When I told people at Java One that they should really look closely at EJB 3.0, and try it out, they became intrigued as to why. Then when I explained that you can write just plain old java objects, their eyes would light up. What? No more heavy component model and deployment descriptors? I can actually unit test this stuff through normal JUnit or TestNG? Really?

When I would be able to get into a deeper conversation about the technology, and we could discuss things like defaults that actually make sense. When you can follow a simple convention, and not have to use an annotation, it gets even simpler. For example, for an entity, you don't have to specify the database table name or the column names if you just name them the same in the database and the class. What could be easier? Now, the reality is that some corporate naming standards will probably get in the way of some of this ease of use, but I would urge any DBA to check that stuff at the door, and let the conventions be the standards. Besides, the cost of the time of the DBA to determine whether something is a table or a view, or a synonym is trivial compared to the cost of many developers time. Allow sane business names to be used for tables and columns, and everyone will be better off in the long run.

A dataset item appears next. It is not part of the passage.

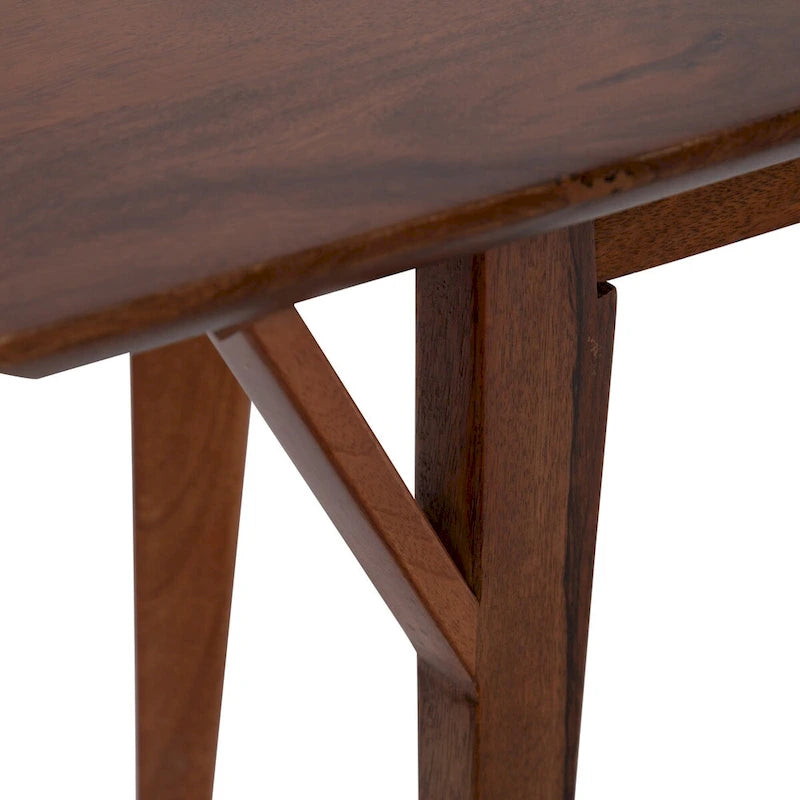 Banc en bois de manguier massif style Mid-Century Modern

The extensibility of EJB 3.0 is also wonderful. The ability to create your own annotations, and extend things with very little code (an AOP lite) is very powerful indeed. This will allow developers to do many things you would use an AOP (Aspect Oriented Programming) framework for, within the confines of EJB, without the complete learning curve of AOP. When you consider there are no standards for AOP frameworks, you will be spending that learning curve on something that is proprietary in nature. That in and of itself, is enough of a deterrent to me.

The final thing that I have really come to like about EJB 3.0, is its embeddable. I have already written two applications that use EJB 3.0 objects from a Java SE environment! No application server required! This is wonderful for small applications and utilities.

I have become a real EJB 3.0 junkie. There is no turning back. Once you have taken that first hit, especially if you have lived through the EJB 1.0 to 2.1 days, you will be hooked. There is no doubt about it. This is the future for enterprise application development!!!